Brexit could result in violence on NI streets, former top cop warns
Brexit could spark renewed violence in Northern Ireland, a former assistant chief constable has warned.
Peter Sheridan, who left his role to head a peace-building charity, said any new barriers along the border could deliver a major set-back for the peace process.
"I don't want to overstate it, but there is a danger that, ultimately, this could lead to some civil unrest, particularly in relation to the border," he said.
Before a parliamentary hearing in Dublin, Mr Sheridan said border controls in particular could see gunfire erupting again on the streets.
"It is easy to dismiss it and say that will never happen again but it is still a fragile peace process," he said. "There are already protests along the border.
"The history of this place is that protests can become much more dangerous as this goes on."
The 310-mile border between both jurisdictions on the island of Ireland is set to become a frontier between the UK and the EU.
Prime Minister Theresa May has said there should not be a hard border after Brexit, but Dublin's Foreign Affairs Minister Charlie Flanagan has voiced scepticism over the reassurances.
Mr Sheridan has headed Cooperation Ireland since his shock departure in 2008 from the PSNI, where he was the force's most senior Catholic, and led the fight against serious and organised crime.
Co-operation Ireland has worked to cement cross-border relations.
Mr Sheridan said any moves by the UK Government as it pulls out of the EU that threatens or compromises identities in Northern Ireland needs to be weighed very carefully.
"We have to be aware that it was not that long ago we were in conflict over these issues (of identity)," he said.
"I think the first shots that were fired, were fired at border checkpoints.
"We have to be careful that we don't put anything in place that creates that question of identity for people again."

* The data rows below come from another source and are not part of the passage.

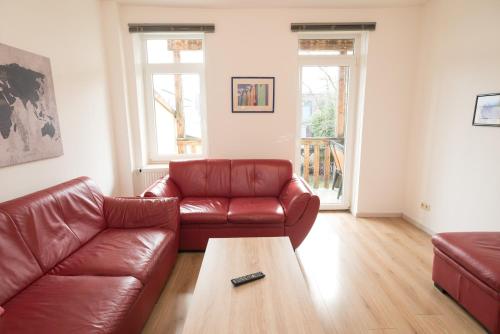 B&B Luneburgo - FeWo Engler Wallstraße W4 - Bed and Breakfast Luneburgo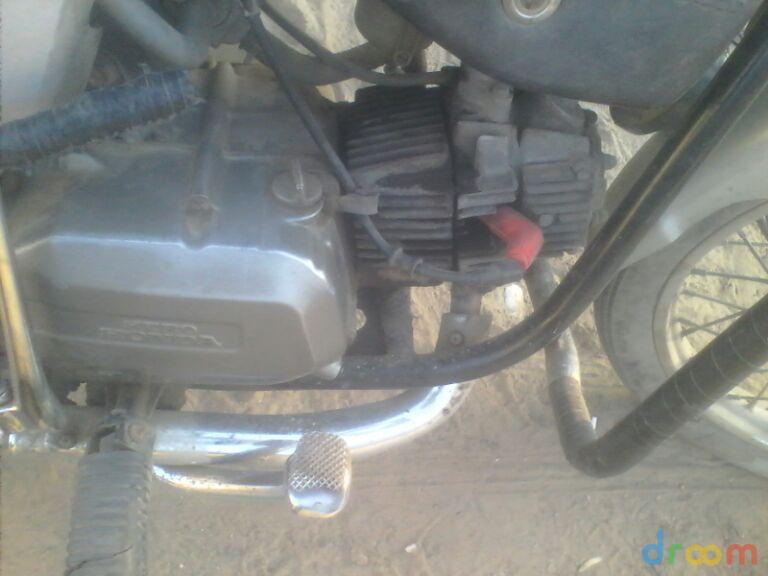 Hero Splendor 100cc 1995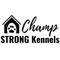 Champ STRONG Kennels offers pet care services to dog owners living in Columbia, SC & surrounding areas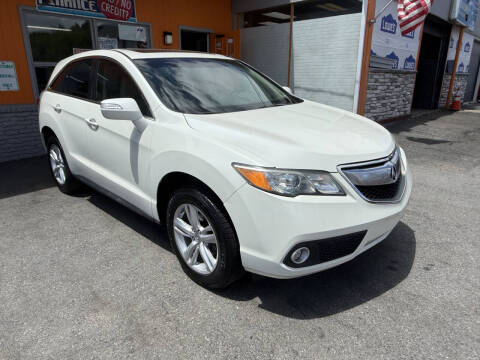 2014 Acura RDX w/Tech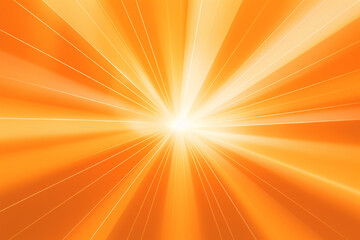 Obraz premium color sun zoom on background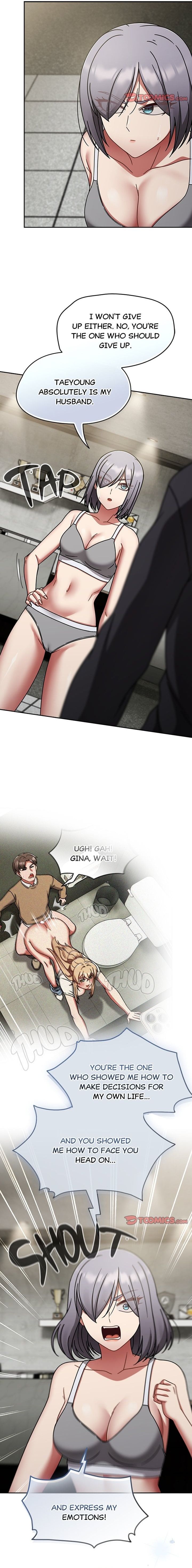 Ground and Pound Chapter 70 - Page 11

Leaving the EU itself could raise issues of identity that have not yet been predicted, he said.
Mr Sheridan said nationalists in particular had become "settled" in Northern Ireland, within the context of Europe, after the Good Friday peace accord.
"That is not the same as within the context of the UK," Mr Sheridan added.
Sectarianism remains "alive and well" in the region and much work still needs to be done - and funding is still needed - to bed down the peace process.
"We don't see peace as the absence of violence, we see peace as a place where people can learn to live together as citizens," he said.
"Post-conflict that takes considerable time."